Ed also gave a broad over of how we got here, talking about the swing back and forth between centralized computing and a more distributed model. Early on, computers were big and expensive so there was an economic incentive to have the users come to the computer. This was followed by timesharing, where users had terminals at remote locations (such as their office), but the actual computer was still in a large, air-conditioned room somewhere. In the late 1970s and early 1980s PCs and Sun Workstations (for example) were available at a low enough cost that individual users could now have local computing. This gave users more autonomy and the potential for a more rich user interface, but at the loss of the lower cost per user, expert management and higher utilization that centralized computing facilities could provide.

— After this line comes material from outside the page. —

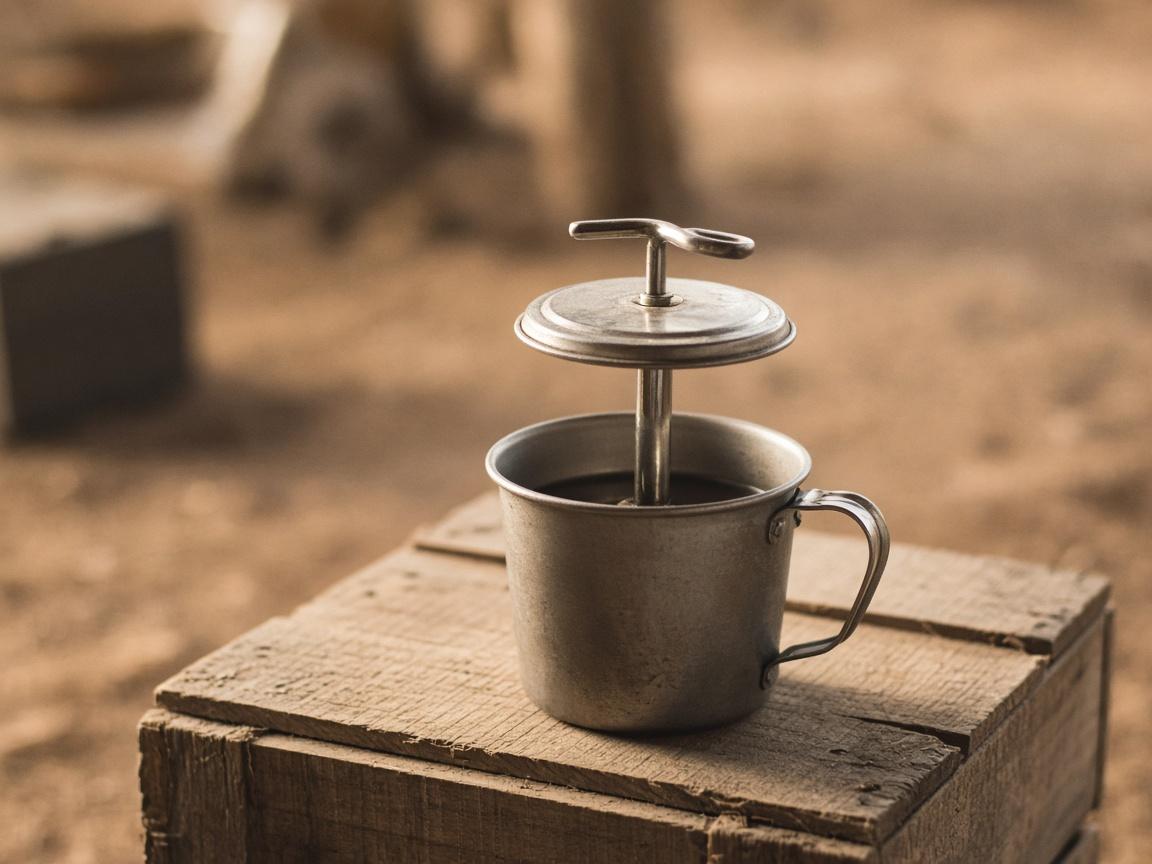 A metal press plunger in a camp cup on a dusty crate.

During the 1980s and 1990s, the client-server computing model gained popularity but was soon overtaken by the World Wide Web. This swing of the pendulum took us back to a more centralized model of computing where all of the data and manipulations took place on a remote computer and the results were displayed locally, as in early timesharing. In the early 2000s, the web browser became more like a computing device as AJAX and other programming models came into existence. More like the client-server model, some computation takes place on the remotre "back end" and some on the local computer. This brings with it all of the complexities of client-server computing along with those inherent in trying to shoe-horn a computing engine into the browser. In addition, these applications are typically written in multiple programming languages such as SQL for database access, PHP for page generation, and combinations of HTML, XML and Javascript for local processing and display.

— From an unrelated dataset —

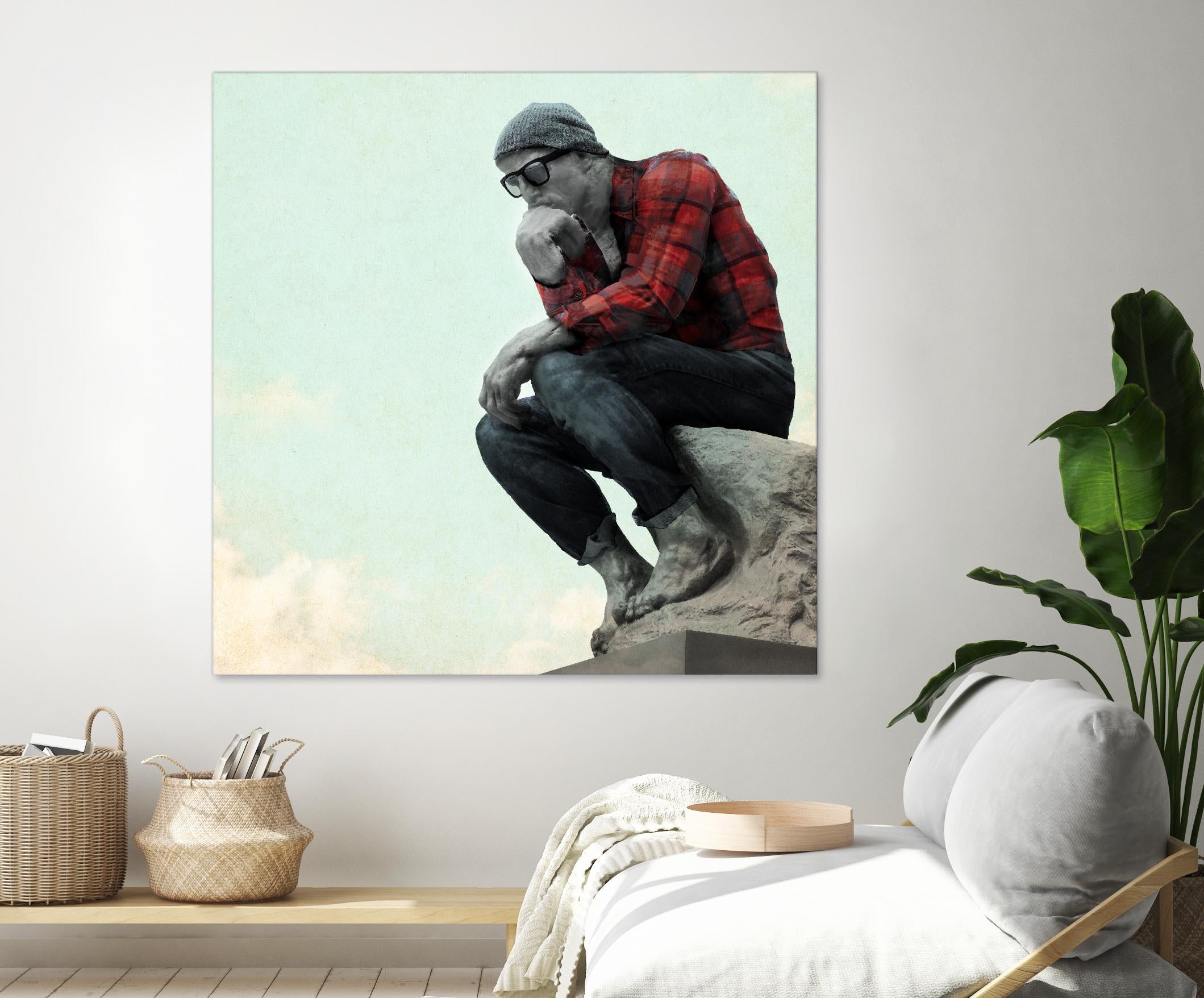 Hipster Thinker by THE Studio on GIANT ART - green contemporary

The modern tools and infrastructure available today make many interesting "real-time" applications possible. For example, during the Iowa Caucuses, the Democratic Party was able to utilize infrastructure from Amazon to present an "Iowa Democratic Party Caucus Results" web page, that was kept updated as results came in and was not adversely effected by the amount of traffic the page received. The tools of today also allow the creation of sites such as Facebook and ebay. Sites such as these would not have been easily created in the past.

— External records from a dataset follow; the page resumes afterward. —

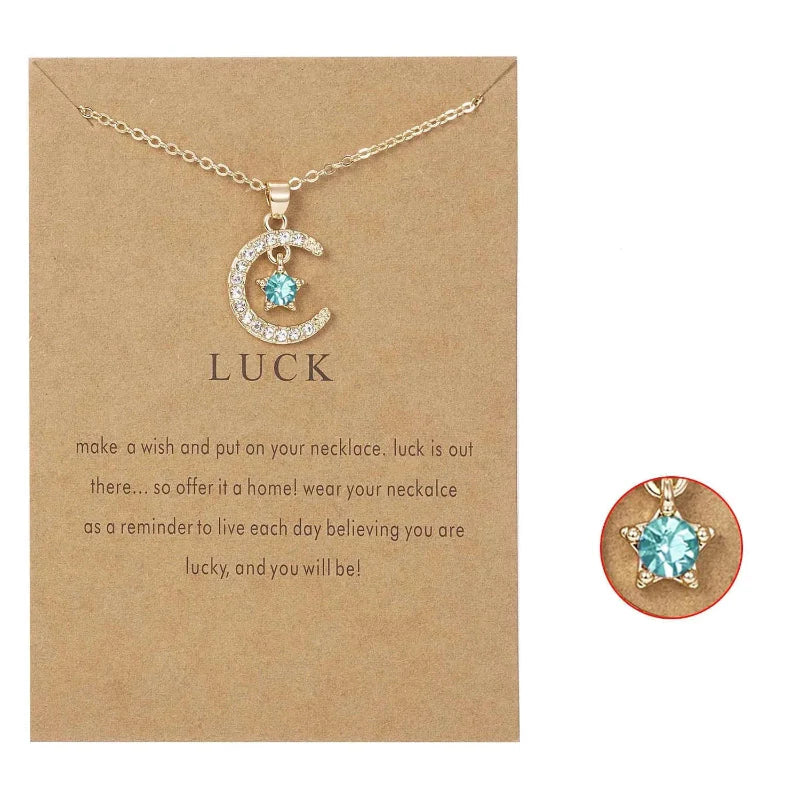 Collar con Colgante de Luna en Cristal Piedra de Nacimiento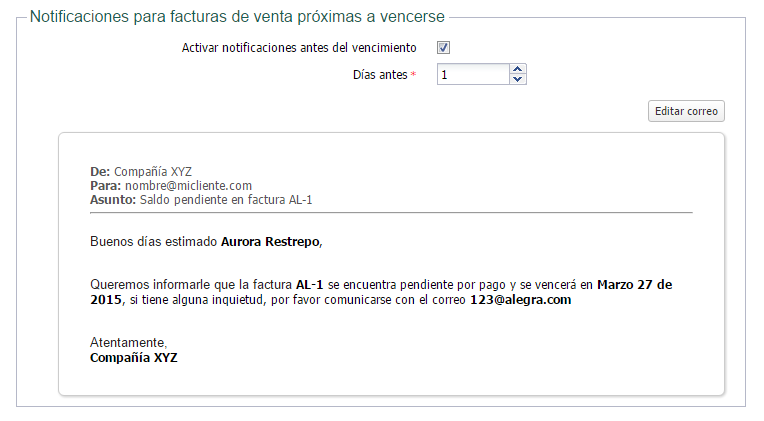 Personaliza Las Notificaciones De Vencimiento De Tus Facturas De Venta 2718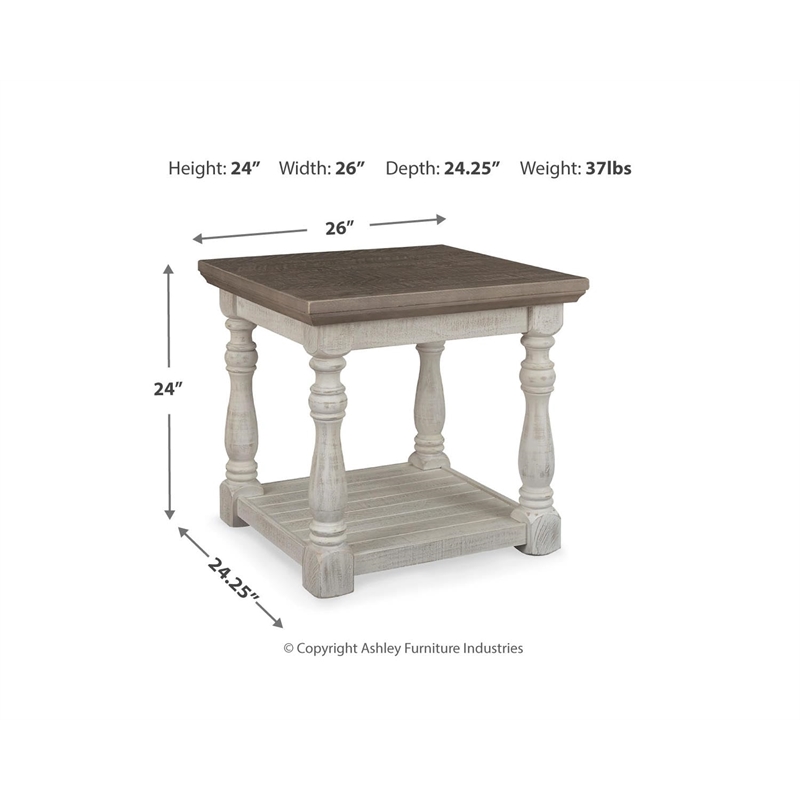 Bowery Hill 2-Piece Farmhouse Coffee & End Table Set in Gray & White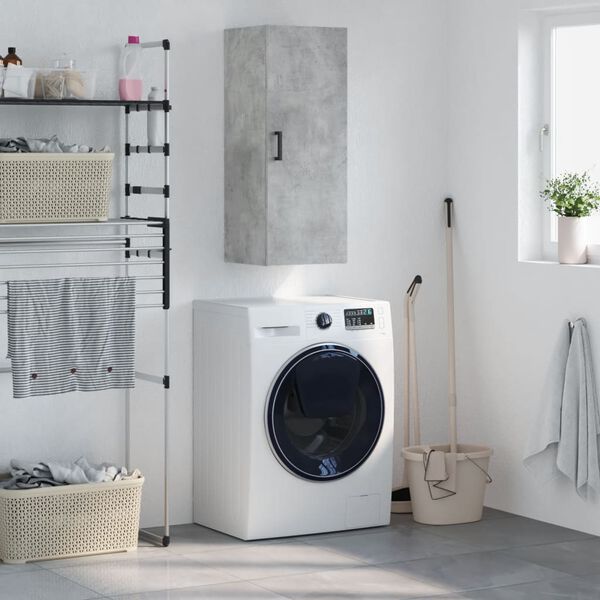 vidaXL Mobile a Parete Grigio Cemento 34,5x34x90 cm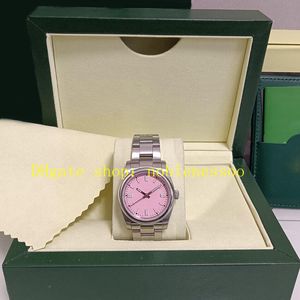 8 colori con scatola di carte Orologio unisex da donna Uomo 36mm 126000 Quadrante rosa caramello Lunetta liscia Bracciale in acciaio inossidabile Orologi automatici Orologi da polso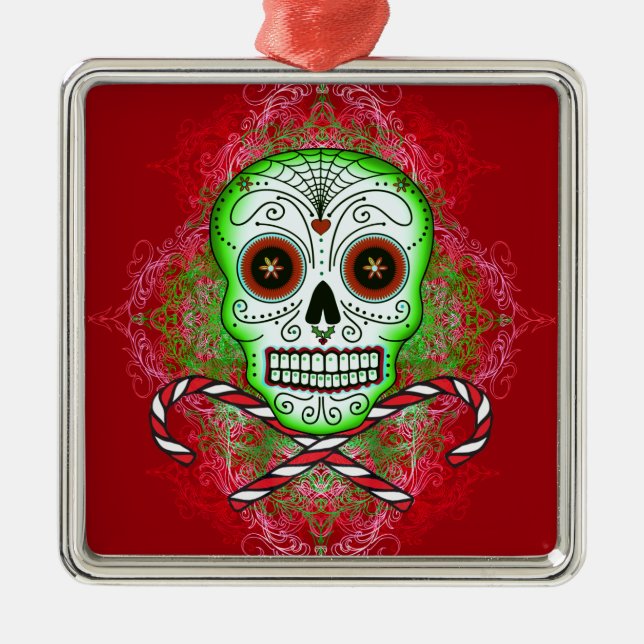 Ornamento de metal quadrado dos bastões do crânio (Frente)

With disk storage prices dropping and as a side-effect of the AJAX-type programming model, data is continually building up in remote data centers. It is in the best interest of the data center owner to hold onto that data for as long as possible as there is probably some value that can be extracted from it along the way.

There are additional concerns and implications to having your data on somebody else's server. How portable is your data? Can you easily extract it and move it to another provider if you so choose? Does your current provider have data retention policies that meet your needs? When you access your data, how secure and private is the connection between your computer and the provider's site? If an intermediary has lots of customer data and amkes it difficult for customers to move that data, the provider gains market power.

Concerns such as those above can be addresses in a number of ways. If a cloud computing provider is a "community" then the members of that community have a say about how their data is managed. A provider may also decide that they won't "be evil" and if you trust them to follow through, you may feel more secure about your data. There are also the options of ex post regulations that would control how a provider that has already amassed data must manage the data or ex ante agreements where the provider makes promises up-front as to how they will deal with data on their servers.

A number of the above issues and concerns were addressed in the first afternoon panel discussion: "Possession and Ownership of Data."

UPDATE: The video recordings of the workshop are now available at the Princeton UChannel.